Я осмотрелся; сбоку от меня шагах в 15 под густым облаком дыма виднелась громадная яма. Задняя линия полка уже вбегала в деревню. Мои пулеметчики тихо плелись сзади, с трудом вытягивая пулеметы на картофельном поле, и мне стало страшно стыдно от мысли, что они могут подумать, что я их бросил, пробегая зону артиллерийского обстрела; бросил, когда я должен быть с ними.

Что произошло со мною, я не знаю. Я, повторив команду «вперед», инстинктивно побежал за полком, сохраняя свое место в общем порядке, а что пулеметы могут, да и должны отстать, у меня и в голову не пришло. Мне кажется, что здесь имел место аффект первого боя. Я видел только то, что было впереди меня; видел вскользь падающих людей; через что-то перепрыгивал, в чем-то запутался; кажется, что одни раз упал; все в тумане.

Я медленно сделал несколько шагов навстречу своим солдатам и впрягся в пулемет. Солдаты тяжело дышали. Пот градом катился с их лиц.

Мы подошли к окраине деревни и свалились под защитою сарая. А снаряды все били, рвались гранаты; визжали пули над опустелым склоном.

Интересно наблюдать над разъяренной, сокрушительной стихией, когда сам в сравнительной безопасности. Вот слышишь, как издали гудит, приближаясь, снаряд. Все ближе и ближе; гуднул над головою и понесся дальше. Вдруг на склоне под кустом орешника взвился черный клуб земли. «Бах» — слышится глухой удар снаряда о землю;. Летят уже вниз, кувыркаясь, куст, обломанные ветки, куски земли. «Слепая», как называют солдаты неразорвавшийся снаряд.

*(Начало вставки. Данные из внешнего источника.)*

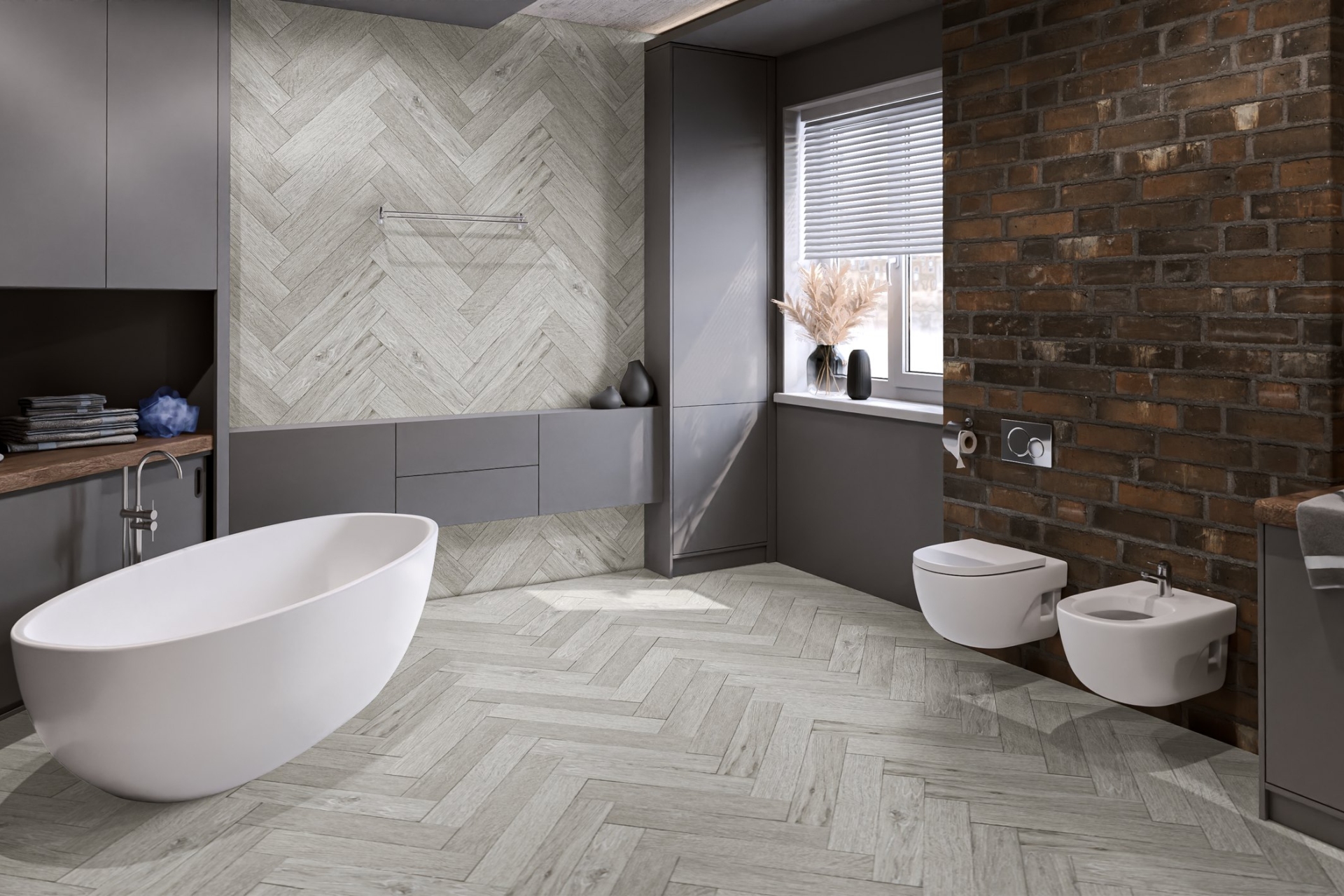 Кварцвиниловая плитка Damy Floor клеевая London LVT Йорк 191023EL-04-LVT венгерская елка 590×118×2,5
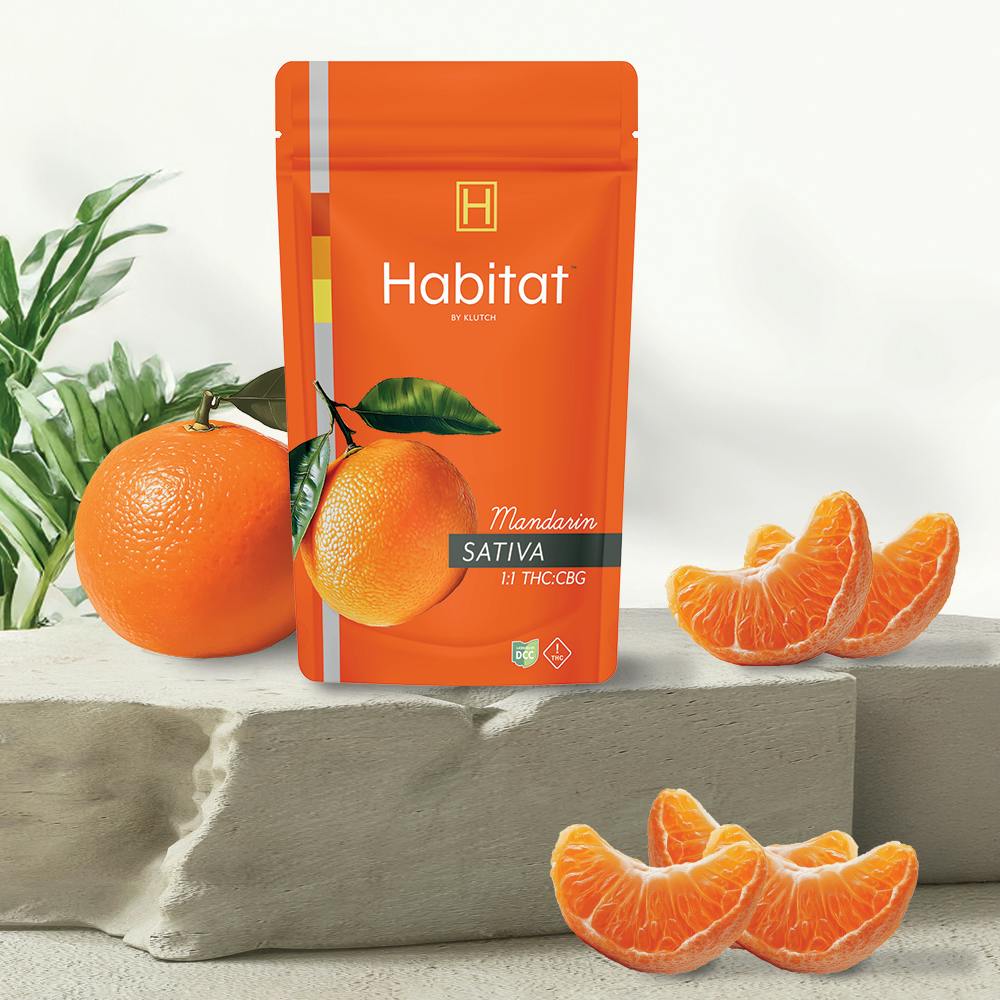 Photograph of product: | Mandarin Oui'd 1:1 CBG Go Pack Gummies | -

Вдруг — «ггуд» — неожиданно вывертывается сбоку; «ррах» — рвется он в воздухе, и целый рой пуль, как из решета, обсыпает участок шагов в 30 по фронту и до 200 в глубину. Пыль, мелкие предметы, куски земли покрывают всю площадь, поднятые сотнею пуль и в воздухе запели на все лады, уносясь вверх, рикошетные пули. Особенно действуют на нервы дистанционные трубки — это головка снаряда весом около 11/2 фунта. Имея поверхность, всю испещренную неровностями, при рикошетном полете она издает десятки пронзительных звуков, которые, меняясь силою при вращении, производят потрясающий концерт.

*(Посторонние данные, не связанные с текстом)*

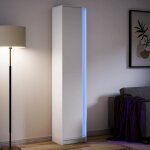 Buffet haut, meuble de rangement, bahut pour salon, salle à manger, cuisine avec led blanc 41, 5x32, ... Buffet haut, meuble de rangement, bahut pour salon, salle à manger, cuisine avec led blanc 41, 5x32, ...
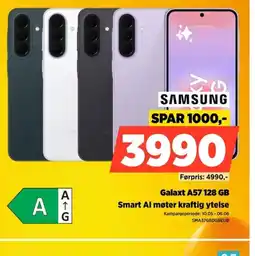 POWER Samsung galaxt a57 128 gb smart al møter kraftig ytelse tilbud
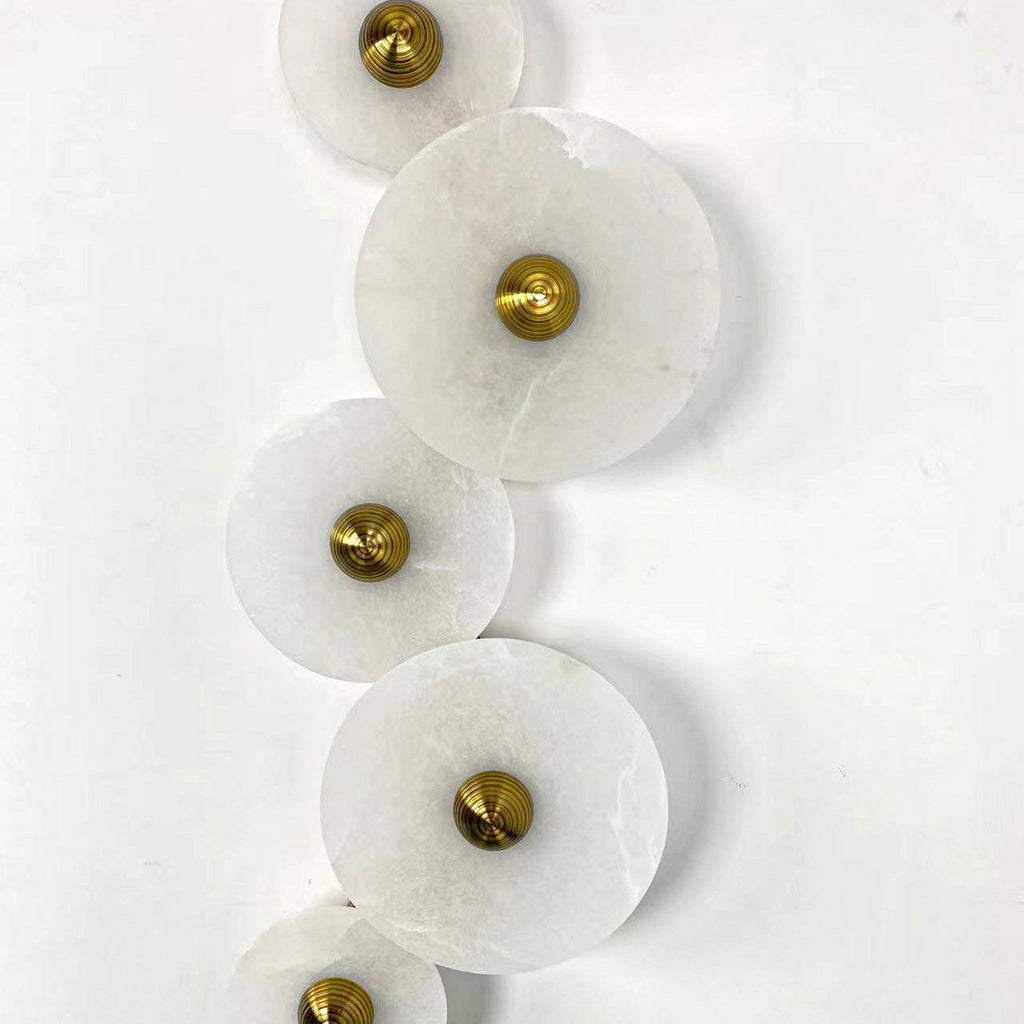 Multi Disc Alabaster Style Wall Light – Integrated LED – Modern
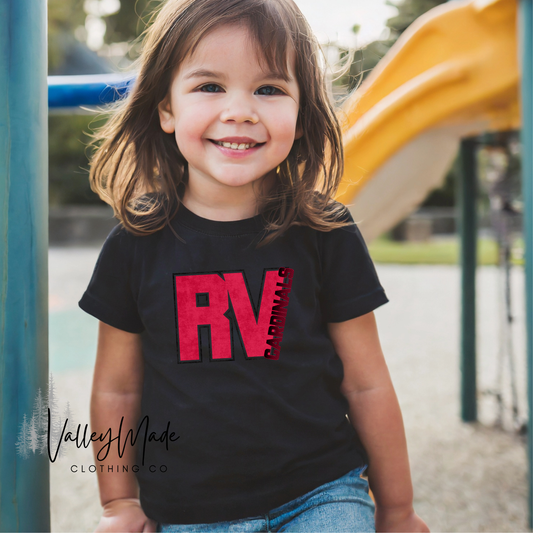 Grunge Redwood Valley Cardinals-Tee (Toddler)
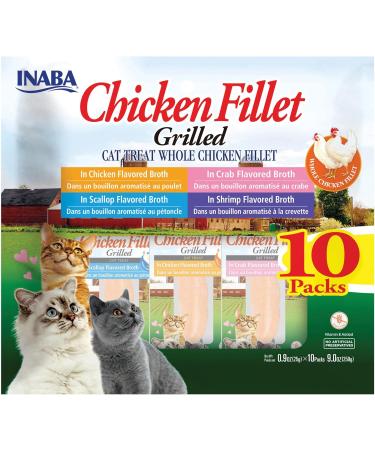 INABA Natural Premium Hand-Cut Grilled Chicken Fillet Cat Treats/Topper & Dashi Delights for Cats Shredded Chicken with Bonito Flake Broth 2.5 Ounce Cup 12 Cups Total Seafood Variety - Buy Online on SooperMarket.com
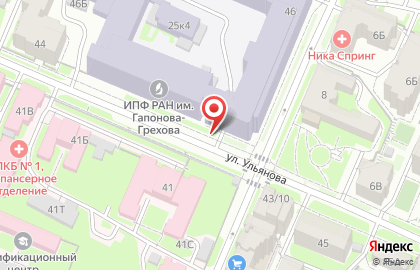 Указатель системы городского ориентирования №6309 по ул.Ульянова, д.46 р на карте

Здесь я рассмотрел и свои батареи. Скрываясь в складках местности, в лощинках, за буграми они методично слали снаряд за снарядом куда-то вперед. Куда — да они и сами не знают. Там впереди на дереве,

[49]

на стоге сена, на крыше дома примостилась маленькая человеческая фигурка — это батарейный командир. От него то и дело показывают в разных положениях флажки — то разойдутся, то перекрещутся, то станут вертикально, а здесь его помощник уже командует: «угломер вправо 12; прицел 150; Трубка 152; тремя патронами, беглым».

Это значит — взяли цель в оборот; и запрыгали 120-пудовые стальные чудища, изрыгая пламя, гром и пуды металла.

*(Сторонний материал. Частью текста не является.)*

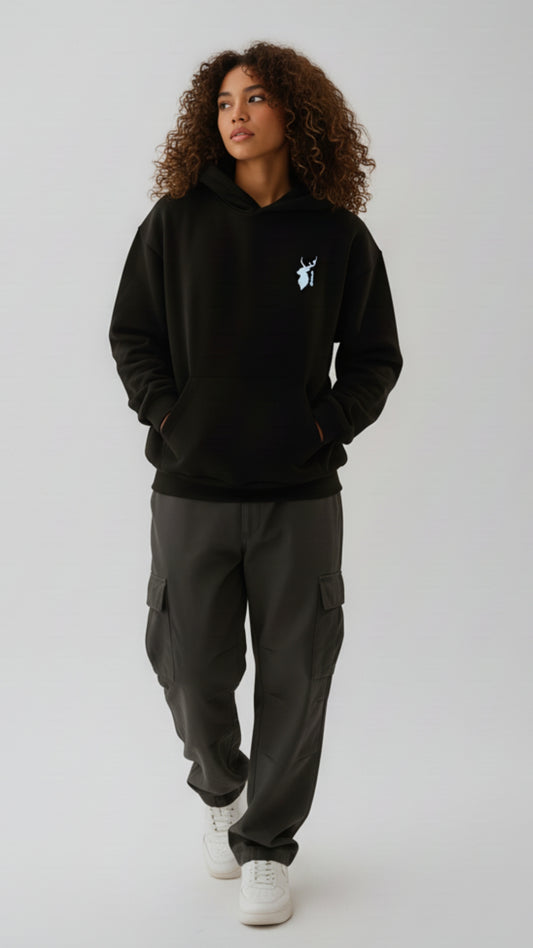 House of Dray " Desire" Black Oversize Hoodie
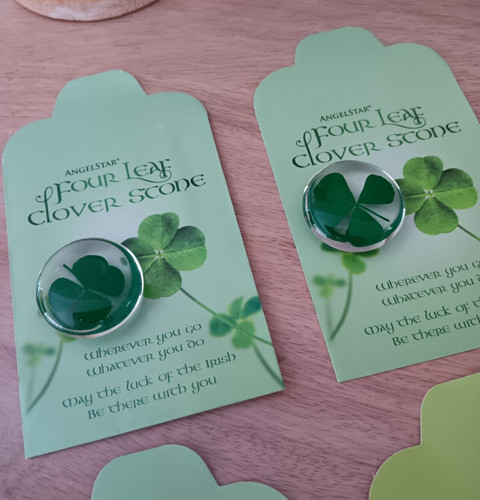 Four leaf clover lucky stone - four,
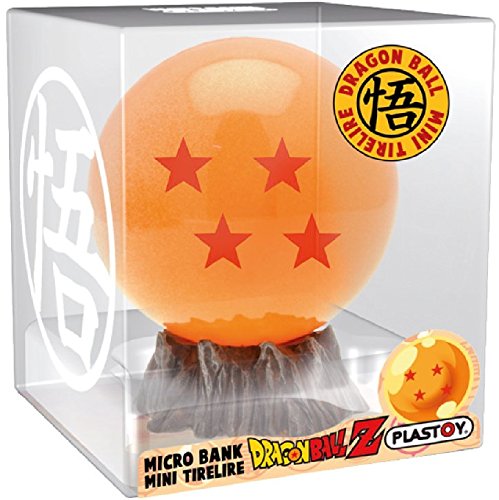 Plastoy – Dragon Ball Z Spardose (Son Goku Kugel, 10 cm, orange/rot)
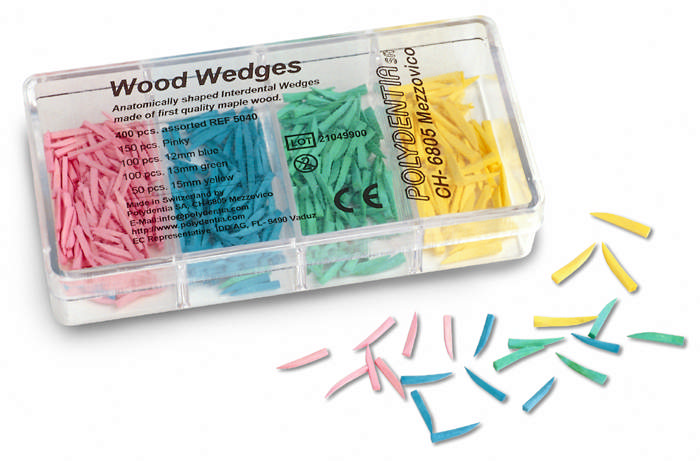 Polydentia trækiler pink 11 mm 200 stk.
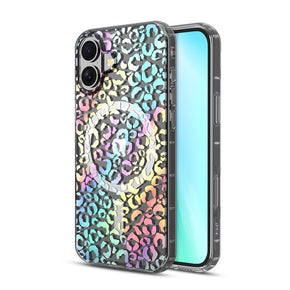 Apple iPhone 16 Plus (6.7) Mood Series Magsafe Case - Holographic Leopard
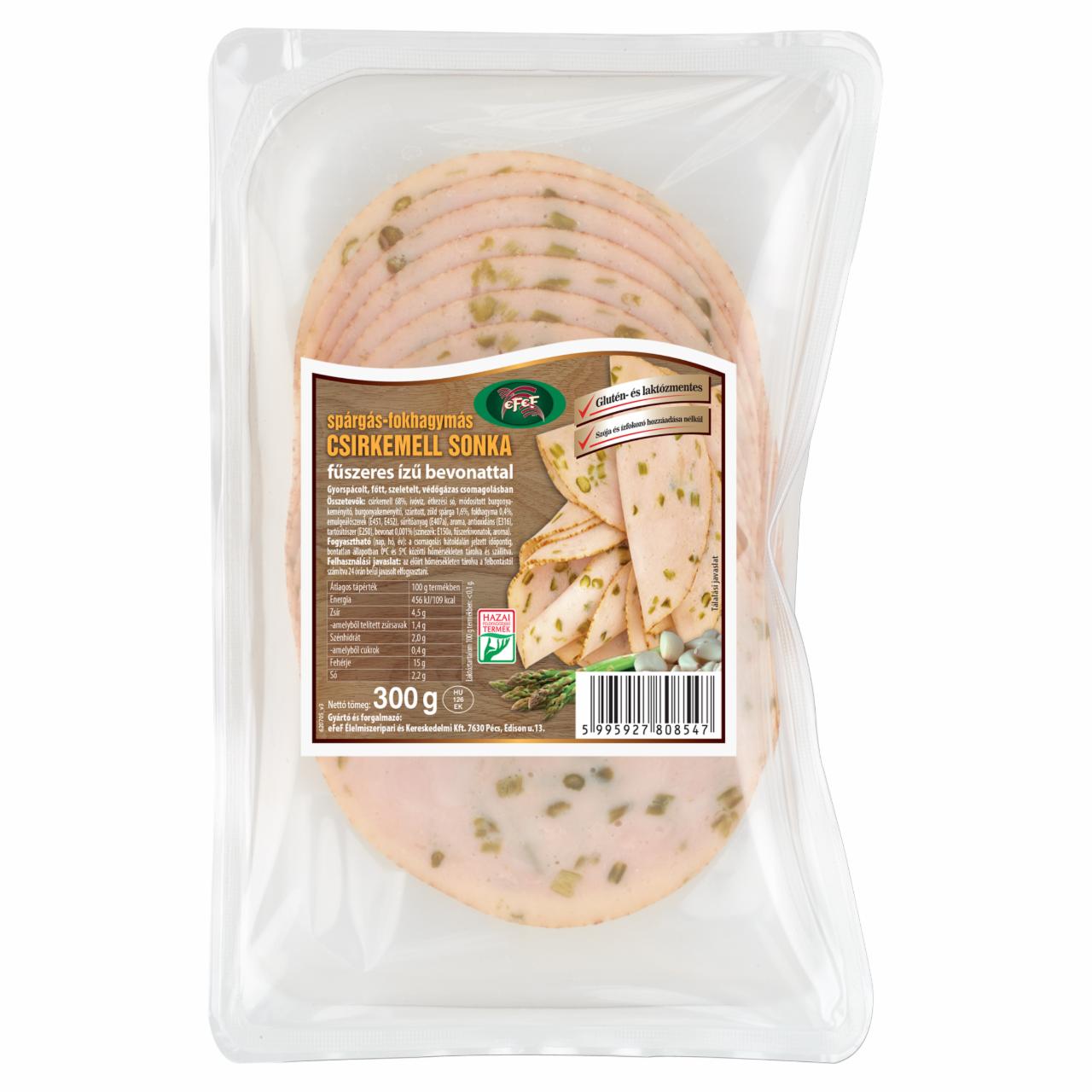 Képek - eFeF spárgás-fokhagymás csirkemell sonka fűszeres ízű bevonattal 300 g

Однако нужно было догонять полк.

Я встал и, прихрамывая от острой боли в ногах, выгнал{9} из-за прикрытия.

Полк втянулся в рощицу, окружавшую помещичий дом. Справа через болото ясно виделись перебегающие массы противника, которые упорно стремились к фольварку. Правее фольварка стояла разбитая наша батарея, валялись лошади, люди и разбитые передки.

Нетрудно было понять обстановку — фольварк был опорным пунктом нашего правого фланга;, закрывавшим наш тыл, и противник, разнеся его своим артиллерийским огнем, пустил сюда большие силы.

Вот наступающий все ближе и ближе… Вот уже он{10} на 800 шагов, вот подошел на 700 и, несмотря на адский огонь защитников, неудержимой лавиной медленно, но упорно прет вперед.

Вдруг оживленный дотоле огонь защитников стал заметно редеть. Стали появляться одиночные отступающие люди. Вот показалась уже кучка. Расстреливаемые на открытой дамбе, они отпрыгивают в болото и под прикрытием высокой болотной осоки, по пояс в воде, направляются на эту сторону. Вот на берегу подвился и офицер и под градом сыпящихся на него пуль что-то кричит в нашу сторону, указывай рукою на фольварк и в сторону противника.

Очевидно, подавленные массою, части не выдержали. Медлить было нельзя. Наступила минута, решающая не только участь боя и всего отряда, попадающего с падением фольварка в ловушку. Я повел пулеметы вперед на помощь изнемогающих братьев.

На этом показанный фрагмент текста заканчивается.